[HarfBuzz] Ligatures

Sat May 23 13:51:53 UTC 2020

On Sat, 23 May 2020 09:09:48 +0300
Eli Zaretskii <eliz at gnu.org> wrote:

> > Date: Fri, 22 May 2020 22:22:49 +0100
> > From: Richard Wordingham <richard.wordingham at ntlworld.com>
> >   
> > > The current support for producing ligatures works in the same way
> > > as complex text shaping for scripts that require that, like
> > > Arabic and Khmer: the sequences of characters that can be
> > > displayed as ligatures are identified in advance with suitable
> > > regular expressions, and the display engine then passes these
> > > sequences to hb_shape to produce the ligatures.
> > > 
> > > This works well for scripts that require complex shaping, because
> > > such scripts generally have well-defined rules for the sequences
> > > of codepoints that need shaping.  
> > 
> > They may of course have more than one set of such rules, with the
> > rule sets defining different sets of sequences.  
> 
> Who are "they" in this context?

Devanagari and Tai Tham are two examples I am aware of.

Devanagari has different rules for positioning of Vedic marks between
fonts using the script tags dev and dev2 for it on one hand and the
unofficial script tag dev3, which follows the USE rules for character
ordering.  For tag dev, Microsoft says that <consonant, virama,
candrabindu, consonant> is one cluster; others, including Unicode, say
it's two.  Candrabindu in the middle and candrabindu at the end mean
different things; the former nasalises a consonant, while the latter
nasalises a vowel.  The visual distinction exists, at least when
half-forms are used.

Tai Tham has an issue with the mark U+1A58 TAI THAM SIGN MAI KANG LAI.
It is, at least formally, a non-spacing mark.  It occurs at the
juncture of two syllables in the same words.  Modern, printed Tai Khuen
happily treats it as syllable-final.  In more traditional styles, it
starts syllables, going above the first consonant, and so to the right
of a vowel mark reordered to the left hand side of the syllable.  Some
fonts seem to just let it hang over the start of the next syllable,
taking pot luck with what's there.  That gives two different syllable
structures.

As I supported the style found in a certain dictionary, it sometimes
belongs with the syllable before, and sometimes with the syllable after
it.  I therefore ended up defined the sequences to be shaped as a
sequence of one or more syllables joined together by U+1A58.
Fortunately, normal cursor motion is controlled by a different
definition.  (I'm still using Emacs 24.4 with the restoration of
interactive commands forward-char-intrusive and backward-char-intrusive
and their interface within the C code.)

> I understand that the number of combinations is theoretically
> unbounded.  I'm asking if it is also unbounded in practice.  That is,
> do font designers add ligatures for arbitrary combinations of
> characters, regardless of some reasonable set of requirements?  For
> example, is the set of ligatures of Latin characters shown here:
> 
>   https://en.wikipedia.org/wiki/Orthographic_ligature#Latin_alphabet
> 
> reasonably complete, or should I expect any number of other arbitrary
> combinations of Latin characters popping up in fonts?  And if the
> latter, then what is the purpose of providing such arbitrary
> ligatures?

Doesn't the existence of ligatures for 'Eisenhower' and 'Chamberlain'
provide enough of an answer?

If you claim to support handwriting fonts, then you can expect others -
'sh', 'tt' and 'ing' are fairly obvious ones.  You may also find
ligatures being used to sort out kerning issues.
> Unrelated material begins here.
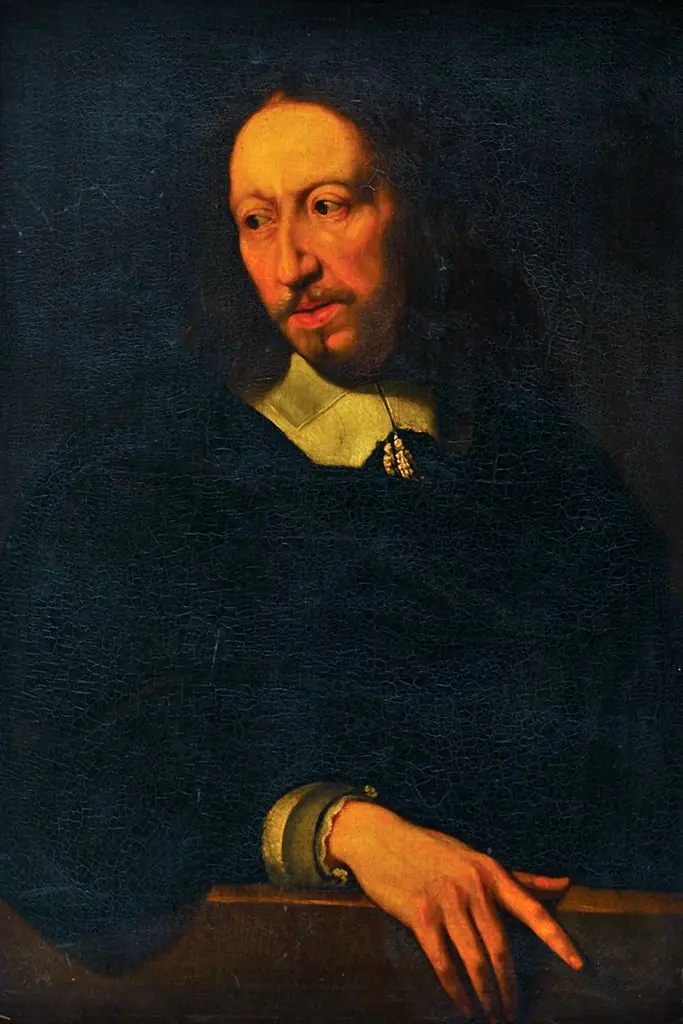 Portrait of a man, by Philippe de Champaigne
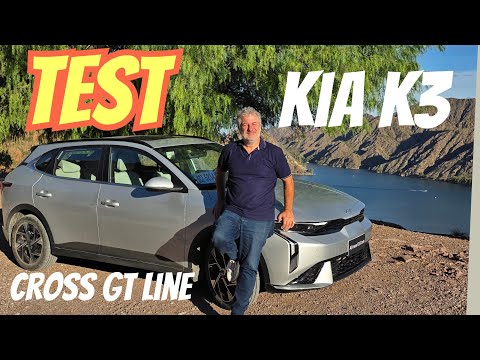 KIA K3. TEST IN MENDOZA. CAR UP TO DATE (12.4.25)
One problem I've observed with computer fonts is that the spacing of
glyphs in a string is not consistent.  This appears to be due to the
way the positioning of the glyphs is rounded.  The problem can be bad
enough that the designer ends up fixing the problem by combining them
into a single glyph, which formally is a ligature.  I've not noticed
this in ASCII fonts, but then I haven't looked hard at them.

The 'tt' ligature can arise because the two t's are crossed by a
single stroke.  Crossing the 't' in 'lt' might be handled by a special
't' glyph, or one might just form an 'lt' ligature.  The ending 'ing'
is common enough that I unconsciously developed an abbreviated way of
writing it.

> I'm not talking about Arabic.  Emacs has a set of regular expressions
> for sequences of Arabic characters that need shaping, misc-lang.el in
> Emacs.  If the set is incomplete, we can augment it.

That regular expression treats every Arabic word as in need of shaping. 

> If a font requires special shaping for any sequence of any number of
> 26 (or maybe 52) ASCII letters, then the Emacs display engine will
> need to be redesigned.  So this extreme possibility doesn't bother me.

In general, they do require it.  But how is this worse than handling
Arabic?  Is the problem that you want to keep the option of line
wrapping splitting words for ASCII, but are not bothered for Arabic or
other human languages?  ASCII does not satisfyingly suffice for
English.

> > How would you handle the possibility that all three of <æ>, <a, e>
> > and <a, ZWJ, e> might be rendered by the same glyph, althouɡh they
> > are comprised of 1, 2 and 3 characters respectively?  
> 
> By using a composition rule that matches both <a, e> and <a, ZWJ, e>.
> The rules are regexp-based, and expressing the above as a regexp is
> simple.  Once a sequence of characters matches the regexp, Emacs calls
> the shaper (hb_shape etc.) to produce the font glyphs for the
> sequence, and displays the glyphs that the shaper returns.

I think you mean that Emacs would store the position of components by
an index that was the sequence of characters, not the glyph ID.  That
would also deal with precomposed characters - it would be the character
sequence that mattered, and for cursor movement and rendering,
the canonically equivalent sequence(s) and the precomposed character
would remain distinct.

Richard.